Okay, I never post stuff anytime anywhere but... We moved from my hometown about two years ago and I've yet to make any good friends. My husband of two years however very easily makes friends. We both work about an hour away from where we live, so our "work friends" are usually about that far away if we want to get together with them. This is my first marriage, I was single all through my twenties and into my thirties, I only say this because I view myself as an independant, successful woman. I never felt I "needed" a man to make me happy... then I got married. Now whenever he wants to do something on the weekends with his buddies I feel like I go into a tailspin!! How dare he leave me alone?? Doesn't he want to spend time with me?? These are the questions that go shooting through my head, and I hate it!! We should be able to have our own things and interests but I feel like he's my only friend and source of contentment now adays, so I feel betrayed when he doesn't feel the same. Anyone out there ever feel the same?? Any advice?? Thank you!!


----------



## mommyof31982 (Sep 6, 2010)

I have often found myself feeling like you do. We live hundreds of miles away from all of my friends and while I do get along well with almost anyone, I am also very particular about whom I spend time with. So I dont have too many people whom I would call friend. My husband on the other hand has his best friend since 7th grade, that lives less than a mile from us and all of his buddies from work are relatively local as well. 

You have got to find at least some social groups to partake in, don't let your lack of interaction with others effect your marriage. Check your local paper for events or perhaps the church bulletin if you guys attend church, and if not maybe that would be a good avenue for you to meet folks as well.
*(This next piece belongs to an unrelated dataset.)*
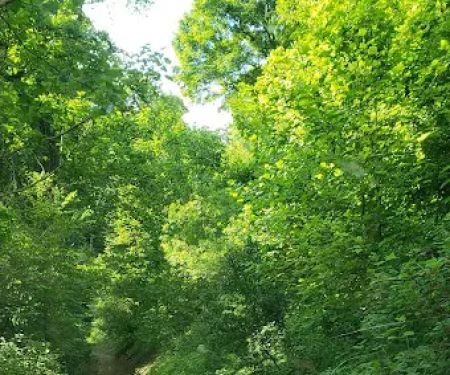 Evarts atv camp ground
I found some craft groups that meet a few times a month and enjoy going to those when I can. Not really friends but you get adult interaction and learn some stuff you can do at home for fun with the kids. 
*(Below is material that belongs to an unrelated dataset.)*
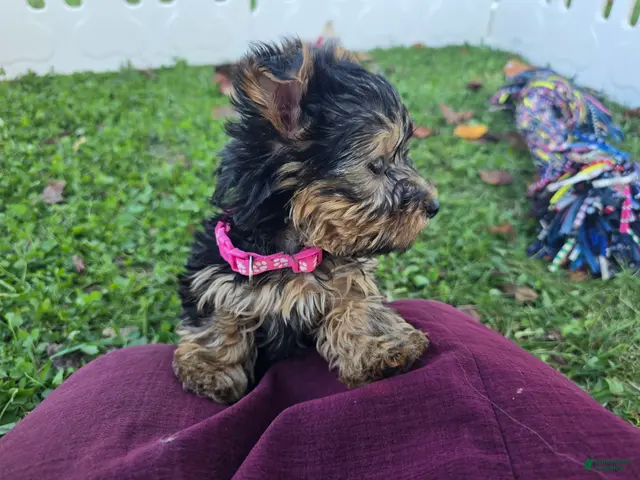Yorkshire Terrier dogs Yorkshire Terrier 1 - Ad 2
It is important that people still be able to have seperate times without feeling or making the other party feel neglected , at the same time your husband shouldn't be spending every weekend away from you. Have you talked to him about how you feel?


----------



## Mrs Chai (Sep 14, 2010)

Don't worry. You are completely normal and definitely not alone when it comes to the way you are feeling right now.
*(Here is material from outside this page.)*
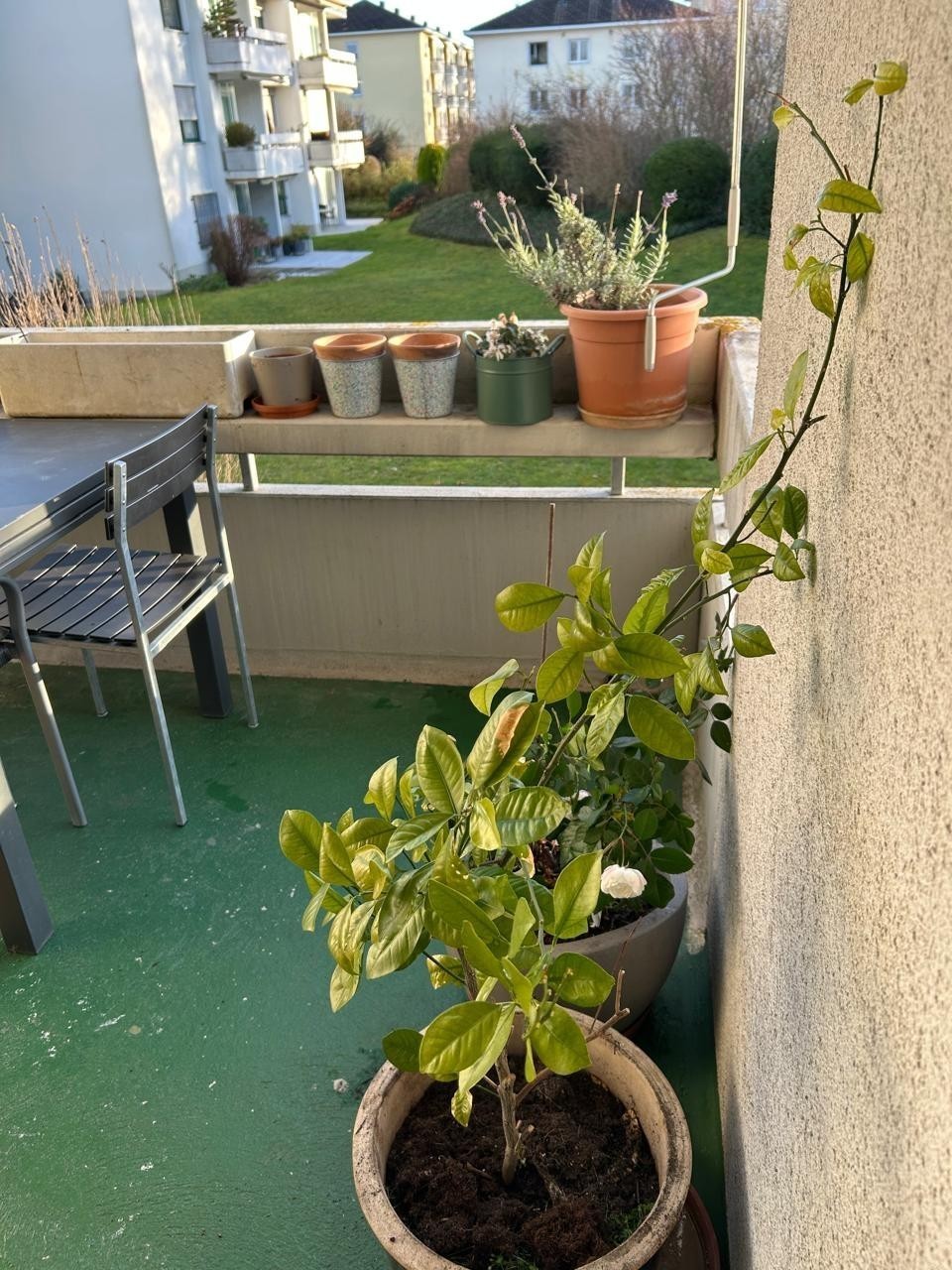 Appartamento di 2 ½ locali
A good thing for you and your husband to know is, "You can't control your emotions or how you feel about things, but you can control how you react to them."

Don't be ashamed that you feel jealous and lonely when he goes out and does these things. Often times, there is a reason for them, especially if it's not every single time he goes out! If it's because you've been feeling neglected, well, he has to know it and accept that fact. Then you two have to decide on how to deal with it.

I live out on in a college town where my husband has been attending the schools in the area a lot longer than I have. I'm picky with my friends and often find I prefer to spend time with my husband over the people I've met through work and classes. I'm comfortable with that - however, my husband is a big fan of having friends. Lots and lots of friends. And spending time with them. Which means some Friday nights I'm without a playmate!

Dealing with it was hard at first, since I was embarressed and felt clingy until we attended marriage counseling. We learned that phrase and I was able to tell him, "Sometimes I'll feel a certain way and there's really nothing you can say or do to change it." So, sometimes when I get a call at work and he tells me he'll be going out with his friends to a movie, sure I'll feel left out and bummed I'm stuck at work - but I'd feel worse if I told him he had to sit at home and not go because I couldn't be there.

So I just say, "I would really have liked to go with you guys, but I can't because I have other responsibilities that need to come first."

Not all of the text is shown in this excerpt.